I am not really sure what I am disagreeing with, as you haven't yet given YOUR view, but if it makes you happy, I will promise to disagree with you once you state your opinion.
Happy now?
BTW you are being enigmatic again. just saying..........I like you, but sometimes I have to wonder about you.
lol I was about to ask which it was you disagreed?
That's the problem with being enigmatic, or just being stupid. Simple inquiries demand complex answers.
We are all with you in that we can't figure out if you are enigmatic or just stupid. Personally, I think it's both. Depending on the post.
Gambler, OTOH, is inscrutable. Because he's "oriental." LMAO!
Hey...that's what they should try...yep...sexy pics will get all the horny boys to buy that shit and the price will skyrocket to $ 15,000/bitcoin
So if we get in now...we'll clean up.
Not so sure this is the type of campaign however that will get horny mongers to buy in...nerds however will flock to it.
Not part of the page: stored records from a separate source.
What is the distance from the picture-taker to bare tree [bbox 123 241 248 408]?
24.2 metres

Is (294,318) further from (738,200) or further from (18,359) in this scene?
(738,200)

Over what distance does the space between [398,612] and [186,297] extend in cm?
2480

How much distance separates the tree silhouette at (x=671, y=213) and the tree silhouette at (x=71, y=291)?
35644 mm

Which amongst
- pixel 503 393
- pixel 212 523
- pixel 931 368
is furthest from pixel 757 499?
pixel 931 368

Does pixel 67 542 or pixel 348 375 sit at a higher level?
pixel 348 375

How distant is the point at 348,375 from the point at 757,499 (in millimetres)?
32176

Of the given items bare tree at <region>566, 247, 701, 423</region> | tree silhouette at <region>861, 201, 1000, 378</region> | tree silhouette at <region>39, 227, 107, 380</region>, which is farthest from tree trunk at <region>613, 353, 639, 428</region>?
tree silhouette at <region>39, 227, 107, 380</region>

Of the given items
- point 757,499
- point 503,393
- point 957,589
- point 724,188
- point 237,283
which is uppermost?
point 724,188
What side side of the bitcoin does that fall on, hooker or john
I oppose--give your view now!
But, sex does NOt sell!! One buys sex.
In order to sell, with just the minimum acceptance of selling have the essence of overcoming a buyer's reluctance, meaning some desire to purchase was there, sex would have to be a human being, or a communication tallyhoed by sentience.
Deprived
that was FUN; back to cleaning my kitchen.
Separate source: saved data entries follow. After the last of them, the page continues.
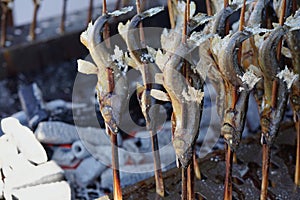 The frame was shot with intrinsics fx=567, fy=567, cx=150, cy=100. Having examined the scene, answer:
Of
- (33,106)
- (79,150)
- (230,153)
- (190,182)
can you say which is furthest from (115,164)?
(33,106)

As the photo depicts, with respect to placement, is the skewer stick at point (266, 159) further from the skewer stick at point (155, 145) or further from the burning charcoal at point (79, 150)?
the burning charcoal at point (79, 150)

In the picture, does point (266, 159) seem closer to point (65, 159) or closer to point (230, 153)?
point (230, 153)

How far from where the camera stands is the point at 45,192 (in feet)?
5.70

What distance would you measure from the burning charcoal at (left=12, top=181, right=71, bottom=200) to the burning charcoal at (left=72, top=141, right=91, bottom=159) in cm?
29

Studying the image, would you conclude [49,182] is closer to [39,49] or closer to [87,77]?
[87,77]

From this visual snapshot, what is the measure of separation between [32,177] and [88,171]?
0.27m

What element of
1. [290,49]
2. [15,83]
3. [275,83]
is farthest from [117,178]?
[15,83]

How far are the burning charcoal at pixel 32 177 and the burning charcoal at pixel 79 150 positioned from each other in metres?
0.20

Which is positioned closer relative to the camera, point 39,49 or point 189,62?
point 189,62

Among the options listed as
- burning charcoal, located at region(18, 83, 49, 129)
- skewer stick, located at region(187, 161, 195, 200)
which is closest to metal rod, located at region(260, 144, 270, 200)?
skewer stick, located at region(187, 161, 195, 200)

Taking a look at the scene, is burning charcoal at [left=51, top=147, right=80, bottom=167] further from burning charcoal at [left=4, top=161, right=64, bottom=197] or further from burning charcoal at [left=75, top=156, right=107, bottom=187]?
burning charcoal at [left=4, top=161, right=64, bottom=197]

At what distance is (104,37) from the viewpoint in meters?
1.49

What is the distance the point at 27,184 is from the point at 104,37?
22.7 inches

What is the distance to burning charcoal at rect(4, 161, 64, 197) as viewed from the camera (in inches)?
69.2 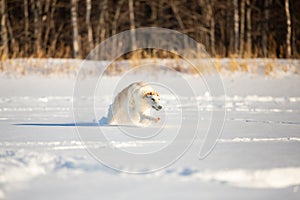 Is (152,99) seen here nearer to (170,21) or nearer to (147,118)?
(147,118)

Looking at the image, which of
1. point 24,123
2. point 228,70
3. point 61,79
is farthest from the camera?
point 228,70

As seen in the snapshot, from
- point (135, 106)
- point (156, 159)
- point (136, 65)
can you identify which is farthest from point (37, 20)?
point (156, 159)

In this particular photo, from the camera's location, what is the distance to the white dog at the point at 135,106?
16.3 ft

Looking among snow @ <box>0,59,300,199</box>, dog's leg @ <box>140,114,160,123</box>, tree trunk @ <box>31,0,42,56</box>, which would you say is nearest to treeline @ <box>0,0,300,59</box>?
tree trunk @ <box>31,0,42,56</box>

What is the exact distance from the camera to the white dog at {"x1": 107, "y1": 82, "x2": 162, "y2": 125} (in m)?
4.96

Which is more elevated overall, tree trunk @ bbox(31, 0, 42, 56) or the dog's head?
tree trunk @ bbox(31, 0, 42, 56)

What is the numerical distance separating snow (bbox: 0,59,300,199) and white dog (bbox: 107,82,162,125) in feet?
0.90

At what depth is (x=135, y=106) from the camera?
16.4 feet

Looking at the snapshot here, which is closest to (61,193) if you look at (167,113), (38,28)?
(167,113)

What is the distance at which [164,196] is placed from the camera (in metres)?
2.44

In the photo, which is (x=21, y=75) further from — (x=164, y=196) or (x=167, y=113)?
(x=164, y=196)

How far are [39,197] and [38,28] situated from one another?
16.2m

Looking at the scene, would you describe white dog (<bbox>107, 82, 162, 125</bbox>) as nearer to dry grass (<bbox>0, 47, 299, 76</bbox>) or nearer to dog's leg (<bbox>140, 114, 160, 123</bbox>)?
dog's leg (<bbox>140, 114, 160, 123</bbox>)

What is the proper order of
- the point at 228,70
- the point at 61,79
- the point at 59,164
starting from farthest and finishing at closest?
1. the point at 228,70
2. the point at 61,79
3. the point at 59,164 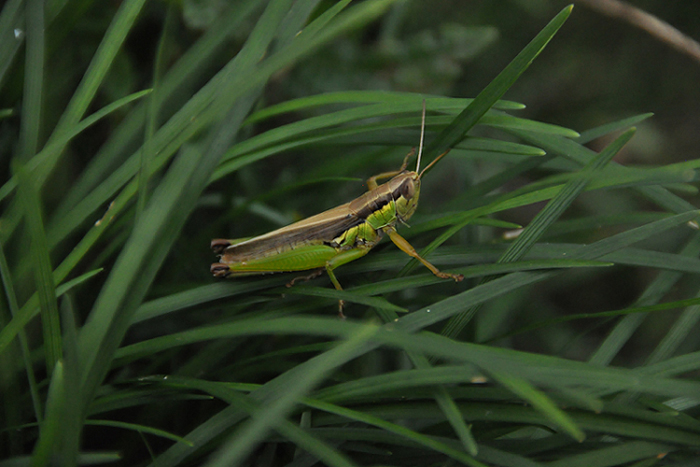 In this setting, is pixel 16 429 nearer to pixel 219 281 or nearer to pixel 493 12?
pixel 219 281

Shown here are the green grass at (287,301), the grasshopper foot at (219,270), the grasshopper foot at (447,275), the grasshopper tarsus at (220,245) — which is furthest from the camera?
the grasshopper tarsus at (220,245)

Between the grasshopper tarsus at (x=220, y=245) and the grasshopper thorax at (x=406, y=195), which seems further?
the grasshopper thorax at (x=406, y=195)

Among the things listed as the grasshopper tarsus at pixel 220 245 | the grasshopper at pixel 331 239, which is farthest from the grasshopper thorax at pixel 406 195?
the grasshopper tarsus at pixel 220 245

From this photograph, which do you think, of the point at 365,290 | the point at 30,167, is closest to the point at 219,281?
the point at 365,290

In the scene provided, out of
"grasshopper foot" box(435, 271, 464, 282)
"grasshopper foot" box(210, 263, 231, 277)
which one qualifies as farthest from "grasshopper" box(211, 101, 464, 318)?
"grasshopper foot" box(435, 271, 464, 282)

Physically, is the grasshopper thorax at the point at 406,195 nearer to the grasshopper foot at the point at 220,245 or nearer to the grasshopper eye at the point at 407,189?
the grasshopper eye at the point at 407,189

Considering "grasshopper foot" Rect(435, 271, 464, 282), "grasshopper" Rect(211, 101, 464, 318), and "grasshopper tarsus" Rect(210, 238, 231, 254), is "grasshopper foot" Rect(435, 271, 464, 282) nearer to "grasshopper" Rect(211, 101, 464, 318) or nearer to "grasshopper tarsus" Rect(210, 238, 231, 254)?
"grasshopper" Rect(211, 101, 464, 318) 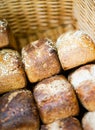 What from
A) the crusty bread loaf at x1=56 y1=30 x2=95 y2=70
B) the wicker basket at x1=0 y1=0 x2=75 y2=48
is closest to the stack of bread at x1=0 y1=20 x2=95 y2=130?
the crusty bread loaf at x1=56 y1=30 x2=95 y2=70

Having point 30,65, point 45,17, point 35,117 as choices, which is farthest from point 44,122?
point 45,17

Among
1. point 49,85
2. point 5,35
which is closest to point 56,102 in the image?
point 49,85

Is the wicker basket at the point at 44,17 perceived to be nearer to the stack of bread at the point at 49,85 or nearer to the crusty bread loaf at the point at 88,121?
the stack of bread at the point at 49,85

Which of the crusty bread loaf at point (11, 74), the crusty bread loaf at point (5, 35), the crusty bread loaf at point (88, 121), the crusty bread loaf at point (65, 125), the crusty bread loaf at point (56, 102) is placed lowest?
the crusty bread loaf at point (88, 121)

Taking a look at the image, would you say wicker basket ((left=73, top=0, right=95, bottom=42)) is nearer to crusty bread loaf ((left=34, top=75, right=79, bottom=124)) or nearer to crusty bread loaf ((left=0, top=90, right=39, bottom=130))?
crusty bread loaf ((left=34, top=75, right=79, bottom=124))

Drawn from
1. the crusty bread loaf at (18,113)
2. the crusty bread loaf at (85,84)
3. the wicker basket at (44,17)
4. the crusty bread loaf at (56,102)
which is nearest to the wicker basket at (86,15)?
the wicker basket at (44,17) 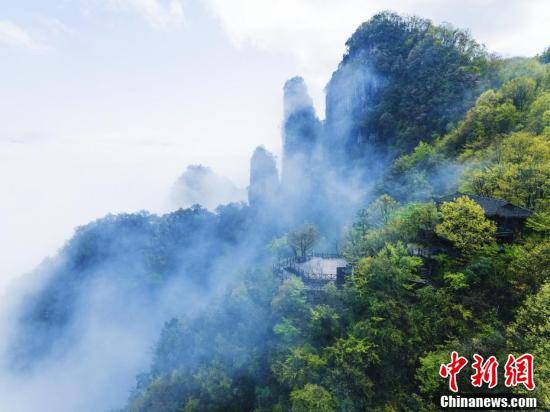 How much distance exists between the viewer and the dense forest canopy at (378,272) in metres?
16.2

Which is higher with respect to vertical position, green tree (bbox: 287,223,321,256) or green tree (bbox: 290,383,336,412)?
green tree (bbox: 287,223,321,256)

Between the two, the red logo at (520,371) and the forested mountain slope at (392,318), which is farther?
the forested mountain slope at (392,318)

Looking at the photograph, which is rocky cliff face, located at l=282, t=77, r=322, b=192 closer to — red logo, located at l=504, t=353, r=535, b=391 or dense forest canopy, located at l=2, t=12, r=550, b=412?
dense forest canopy, located at l=2, t=12, r=550, b=412

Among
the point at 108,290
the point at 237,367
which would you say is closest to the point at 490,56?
the point at 237,367

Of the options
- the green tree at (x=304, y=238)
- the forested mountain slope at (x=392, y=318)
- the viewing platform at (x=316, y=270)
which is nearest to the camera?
the forested mountain slope at (x=392, y=318)

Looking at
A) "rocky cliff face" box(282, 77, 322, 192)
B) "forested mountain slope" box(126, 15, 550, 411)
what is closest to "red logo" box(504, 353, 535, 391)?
"forested mountain slope" box(126, 15, 550, 411)

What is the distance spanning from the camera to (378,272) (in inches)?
752

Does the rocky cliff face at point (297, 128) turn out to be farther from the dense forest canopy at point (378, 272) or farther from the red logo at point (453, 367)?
the red logo at point (453, 367)

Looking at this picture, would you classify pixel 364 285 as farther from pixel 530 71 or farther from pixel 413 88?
pixel 413 88

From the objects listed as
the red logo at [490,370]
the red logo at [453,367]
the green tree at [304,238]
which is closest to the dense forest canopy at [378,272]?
the green tree at [304,238]

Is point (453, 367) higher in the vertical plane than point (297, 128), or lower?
lower

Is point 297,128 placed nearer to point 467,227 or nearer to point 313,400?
point 467,227

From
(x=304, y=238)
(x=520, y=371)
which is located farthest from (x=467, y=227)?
(x=304, y=238)

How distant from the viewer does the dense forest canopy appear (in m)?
16.2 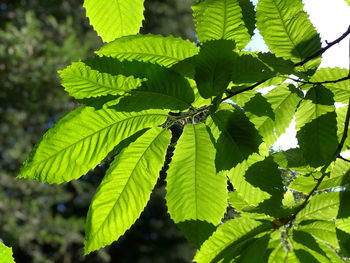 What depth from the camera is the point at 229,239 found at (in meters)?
0.64

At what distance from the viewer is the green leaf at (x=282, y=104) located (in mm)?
644

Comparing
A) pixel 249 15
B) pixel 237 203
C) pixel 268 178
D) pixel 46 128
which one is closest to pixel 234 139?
pixel 268 178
I'm not sure if I'm confused, or just drunk? hi, my name is russ (not really, russ is short for Russian) and I'm a sex addict. I'm also a drunk, not an alcoholic as I don't go to those dam meetings.
What the hell am I talking about, wait, I'm not talking I'm typing. Huh???
You missed the obvious....................................................by nature confused with too much alcohol added to your system.
Beam me up Scotty.
Down here there is this robot running around saying "Danger. Danger! Will Robinson!"
Deprived
I'm sure your post makes perfect sense and tomorrow, after the effects of the Bourbon is behind me I'll re read your post and get it, you just used a lot of big words for me to digest tonight, thus the "huh".
Amphetamines do that to me--long words bubble up in my ruminations.
Leprechauns?! They were originally from the jungles of Central America, hence the green “duds” to blend in.)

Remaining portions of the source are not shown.